Freud’s Psychosexual Theory of Development—sequential and discontinuous stages with changing erogenous zone and conflict in each stage; if conflict is not successfully resolved, result is fixation.
• Oral stage—pleasure from sucking; conflict is weaning from bottle or breast; oral fixation; oral-dependent personalities are gullible, overeaters, and passive, while oral-aggressive personalities are sarcastic and argumentative.
• Anal stage—pleasure from holding in or letting go of feces; conflict is toilet training; anal fixation; anal-retentive personalities are orderly, obsessively neat, stingy, and stubborn; or anal-expulsive personalities are messy, disorganized, and lose their temper.

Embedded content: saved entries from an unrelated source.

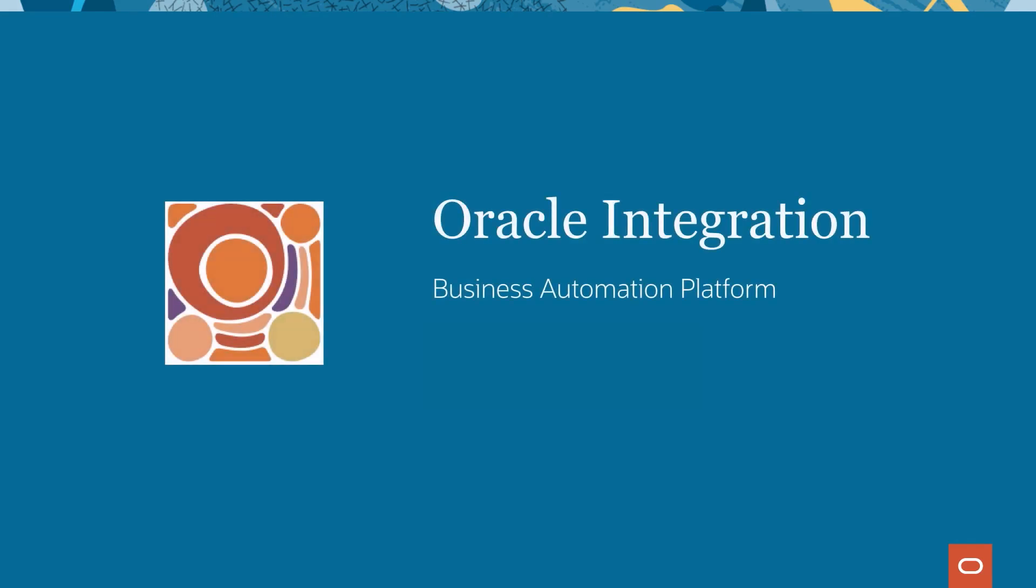In this demo, we're going to walk you through an end-to-end automation solution that's built using Oracle Integration. But first, let's familiarize you with Oracle Integration and some of our key features.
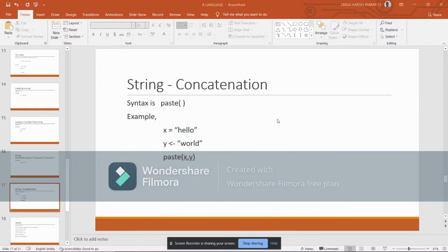Hello guys, welcome to my channel. Today we will be seeing about string concatenation.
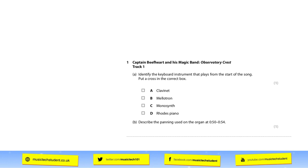The next example is a multiple choice question where you need to understand the sounds of lots of different instruments. In this particular case, it looks at keyboard instruments. Each keyboard instrument has a very distinct sound — the clavinet sounds different from the Rhodes, for instance. All of those instruments sound completely different, so if you understand what each one sounds like, you're going to get that mark straight away.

• Phallic stage—pleasure from self-stimulation of genitals; conflict is castration anxiety or penis envy. Healthy resolution of Oedipal/Electra complex results in identification with same sex parent; fixation; homosexuality or relationship problems.
• Latency stage—suppressed sexuality; pleasure in accomplishments; if accomplishments fall short of expectations, development of feelings of inferiority.
• Genital stage—adolescent to adulthood; pleasure from intercourse and intimacy with another person.
Carl Jung’s analytic theory emphasized the influence of our evolutionary past on our personality with the collective unconscious—the powerful and influential system that contains universal memories and ideas that all people have inherited from ancestors over the course of evolution.
• Archetypes—inherited memories or common themes found in all cultures, religions, and literature, both ancient and modern.
• Individuation—psychological process by which we become an individual; a unified whole, including conscious and unconscious processes.
Alfred Adler’s individual or ego theory emphasized social interest as the primary determinant of personality. We strive for superiority and try to compensate for inferiority complexes.
Karen Horney attacked Freud’s male bias and suggested the male counterpart for penis envy is womb envy. She thought females were more envious of the male’s social status.
Humanistic approach—Humans are born good and strive for positive personal growth.
• Abraham Maslow emphasized the goal of self-actualization—reaching toward the best person we can be.
• Carl Rogers’s self-theory or the view that the individual’s self-concept is formed by society’s conditions of worth and the need for unconditional positive regard—acceptance and love from others independent of how we behave.
Behavioral approach—According to Skinner, our history of reinforcement shapes our behavior, which is our personality.
Cognitive and social cognitive/social-learning approach—Cognitive theories say human nature is basically neutral and we are shaped by our perceptions of the world.
• George Kelly’s personal construct theory looks at how we develop bipolar mental constructs to judge and predict others’ behavior.
• Social cognitive/social-learning theories stress the interaction of thinking with learning experiences in a social environment.
• Albert Bandura’s reciprocal determinism states that three types of factors all affect one another in explaining our behavior: personality characteristics and cognitive processes; the nature, frequency, and intensity of actions; stimuli from the social or physical environment, and reinforcement contingencies.